1 負け犬の掃き溜め1
おはこんばんちわ。
まあ、読んでってください。
カーテンが閉められ、真っ暗な室内で唯一の光源は、一人の少年の眼前にあるPCからのものだった。
髪を肩まで伸ばし、肩幅の明らかに合っていないダボダボのTシャツ、七分丈のズボン、ただでさえ白い肌は光に照らされて病的な危うさを感じさせる。
切れ長の目は画面のエネミーを凝視し、彼の癖なのだろうか、焦りからきているのか右足で床をトントンと叩いている。
デスクに積まれているカップラーメンの残骸は彼の引きこもりがいかほどのものであるかを物語っていた。

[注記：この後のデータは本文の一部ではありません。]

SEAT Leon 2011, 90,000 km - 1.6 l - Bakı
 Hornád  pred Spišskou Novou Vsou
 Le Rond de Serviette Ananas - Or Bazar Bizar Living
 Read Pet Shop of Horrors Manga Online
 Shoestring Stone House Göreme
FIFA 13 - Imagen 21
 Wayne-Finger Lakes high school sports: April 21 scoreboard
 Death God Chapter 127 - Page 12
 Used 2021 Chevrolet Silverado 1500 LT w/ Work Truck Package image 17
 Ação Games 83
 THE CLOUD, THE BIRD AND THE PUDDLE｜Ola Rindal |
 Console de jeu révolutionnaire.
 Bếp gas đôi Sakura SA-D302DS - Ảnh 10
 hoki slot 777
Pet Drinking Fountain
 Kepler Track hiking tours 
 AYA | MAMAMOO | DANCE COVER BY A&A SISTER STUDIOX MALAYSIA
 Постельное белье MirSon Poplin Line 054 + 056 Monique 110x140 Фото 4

そして今、最後の標的を撃ち落とし少年の勝利が決定した。
「っしゃオラ見てみろ雑魚ども!!!てめえらがいくらあがこうが俺の前には等しくゴミ屑なんだよタコが!!!」
少年は勢いよく立ち上がり両手の拳をあげ口汚く叫んだ。もちろん周りには誰もいない。
勝利を称えるもの、妬みから罵るものとチャットは混在している。
落ち着いたのか、少年は椅子に座り自分のゲーム内グループのチャットを開いた。
ーやはりかー
ーこれで99連ですかーさすがギルマス、スキがないー
ー相手めっちゃオコだったじゃんマジウケるwwwwwwー
・・・
そう、これでいい。これでいいんだ。
この中ならだれも僕の邪魔はできない。邪魔などさせない。
僕は世界最強ギルドのマスターなのだから。
あんなクソみたいな現実とは違うのだから。
過去など思い出してはいけない。深みにはまって死にたくなる。
そんなことを思いながら画面に意識を向けるとまだグループチャットは盛り上がっていた。
そこで誰かが言い放った。
ー私、一回でいいからギルマスに会いたいなあー
は?
ーそれ!どんなプレイしてんのか見てみたい!ー
おいやめろ
ー気になるーー
何を言ってるんだお前らは。
ーおい。その話は禁止のはずだろー
ウチのギルドの決まり、「オフ会、私生活の話題は固く禁ず」。
ーでも。プレイから見るに絶対ギルマスって頭良さそうじゃないですかー
理由になってない!
ー1回だけ!ほんとに1回だけやりましょうよーオフ会!ー
これはまずい流れになってきた。どうにか鎮めねば。
ーダメだ。だいたい1回やったらもうルールの意味なくなるだろー
ーえーやりたいなあーー
ーオフ会!オフ会!オフ会!ー
抵抗むなしく盛り上がりは加速しまくっている。鎮火は難しそうだ。
ていうかイン率たかくね?いまお昼だよ?平日の。
いや、あきらめない。僕は最後まで抗う!
ーいや、あれだ、俺アメリカ住みなんだよー
これは苦しい!なんかみんな急に黙っちゃったし。
バレてるなーミスっちゃったなー
ー・・・。ー
ー・・・。ー
ー・・・。ー
画面の向こうからみんなの圧力を感じる。
ー分かった。やるよ。やりますー
ーやったー!!!ー
かくして彼、輝間 涼太{てるま りょうた}はおよそ半年ぶりに外出を試みるのであった。
読んでくれてありがとうございます。